前回来たときには気付かなかったが、街に比べると圧倒的に活気に溢れていた。


街に活気がないという訳ではない。


規模が違うのだ。


そんなことをコタローが考えていると、馬車が停車した。


目的の宿に着いたのだろう。


 何故王宮ではないのか。


実はコタロー、ここでも条件を一つ提示していた。


それは、王宮で用があるとき以外は王都の城下町で過ごすというもの。


今回は、コタローにとって新婚旅行のようなものなのだ。


嫁たち以外とは極力関わりたくなかった。


目立つ騎士は渋ったが、何とか許可が下りたのだった。


 馬車を降りた六人は、目の前の宿屋を見上げ......


落胆した。


目立つ騎士から、王都で最高級の宿を用意すると聞いていた。


建物は五階建てだが、明らかに小さい......


「柴桜城」に比べると。


 最高級宿は、内装、部屋、大きさ、風呂、食事、サービス、あらゆる面で残念だった。


多くは語らぬが、六人の心は流石夫婦?一つだった。



料理長を呼べ!


ウチの!!



 十日間の馬車旅では、まともな食事にありつけず。


それでも旅だからと、自分たちで受け入れていた。


しかし、ここにきて王都最高級宿(笑)の食事である。


ウチの料理長は、変人に鍛えられ、しかも醤油と味噌まで使いこなすのだ。


もはや鬼に金棒であった。


何より「柴提燈」料理長の凄いところは、その探求心。


主にお菓子作りにベクトルが向いている気がするが。


それでも、料理に関しては、四人の料理人を率いて、更なる向上を目指している。


たまに、物凄く甘い料理を自信満々で出してくるが。


副料理長のリズが苦笑いをしながらも。


それでもコタローは文句を言わず、完食している。


感謝しているから。


料理人たちに。


 だが、ここのヤツらは、料理を持って来るたびドヤ顔を連発し、あまつさえ、こちらが食べている様子を観察してくるのだ。
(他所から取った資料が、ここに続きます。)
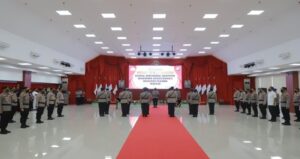 Teks foto : Sertijab pergantian sejumlah pejabat kepolisian setingkat Perwira Menengah di Mapolda Riau (Istimewa).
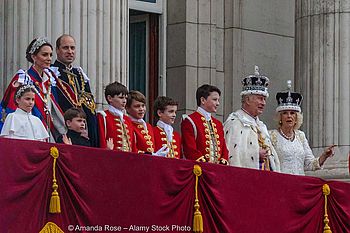 Die königliche Familie Großbritanniens auf dem Balkon des Buckingham Palace anlässlich der Krönung von König Charles III.
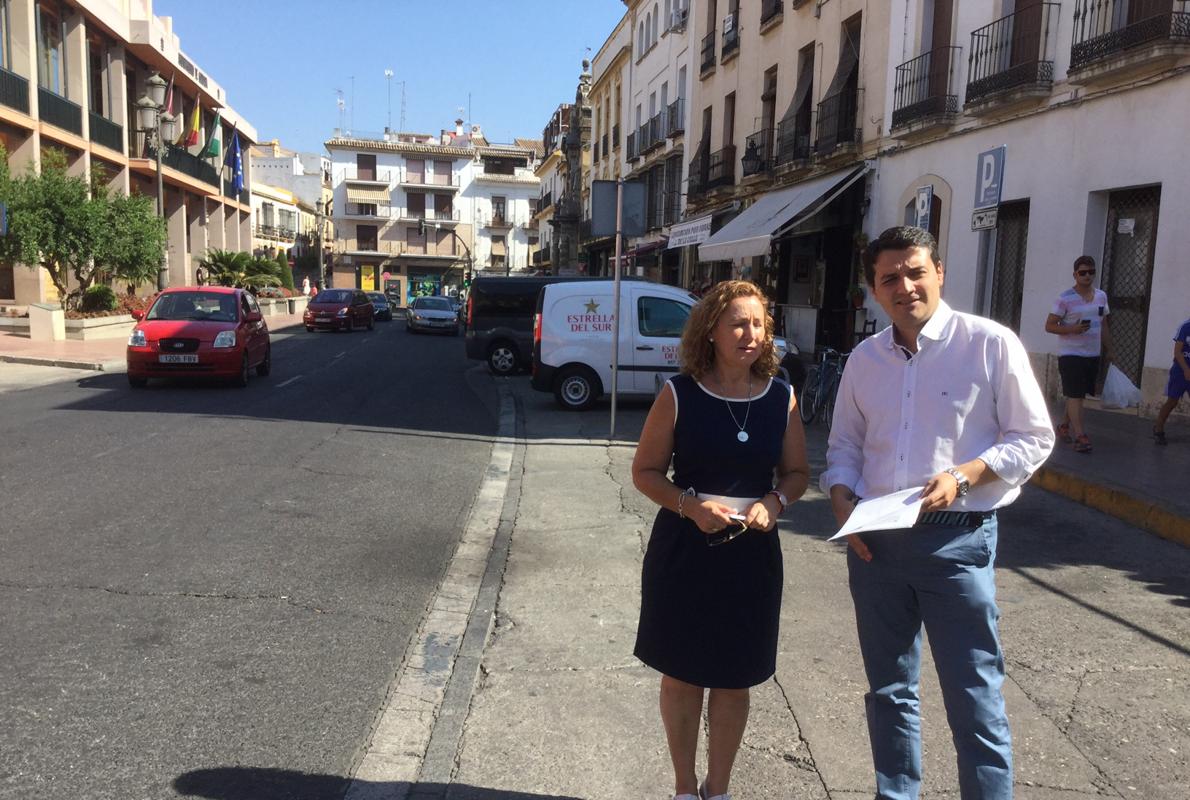 Laura Ruiz y José María Bellido,(PP), en una rueda de prensa en Capitulares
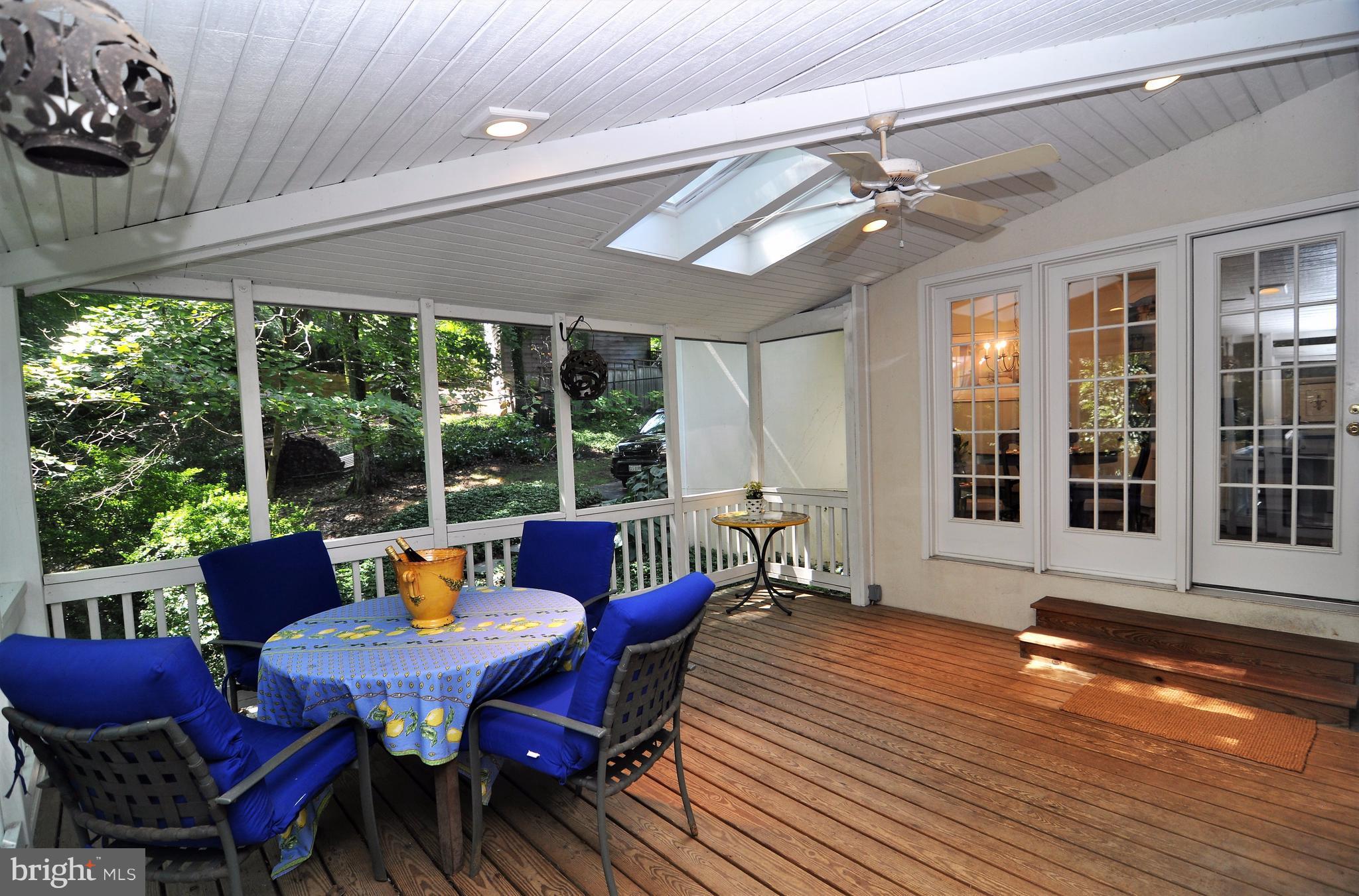 947 Swinks Mill Road McLean, VA 22102 - Photo 9 of 30 Exterior (General)ENCLOSED SCREEN DECK OFF KITCHEN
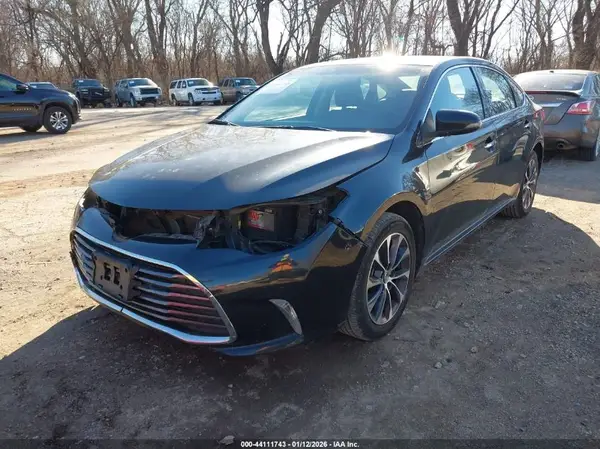 4T1BK1EB7GU216672 2016 TOYOTA AVALON - Image 2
そして極めつけは、「いかがだったでしょうか?本日は大変貴重なーーーー」である。


コタローたちは言ってやりたかった。



塩とコショウの味しかしねぇよ!!!!!!


と。


もう十日も「柴提燈」の料理を食べていなかった六人は、ホームシックと「柴提燈」シックを併発させていた。


ムカついたコタローは、チップ代わりに皮肉を込めて、無言で金貨が詰まった巾着袋を支配人?に渡して、食堂を後にした。


 翌日、朝起きた六人は食事を最高級宿(笑)の外で食べようという意見で一致した。


そして、出掛ける準備をしているとき、悪魔のノックが部屋に響く。


「お食事の用意が出来ましたので、食堂へおこし下さい。」


六人は心の中で叫んだ。



いらねぇよ!!!!!!


と。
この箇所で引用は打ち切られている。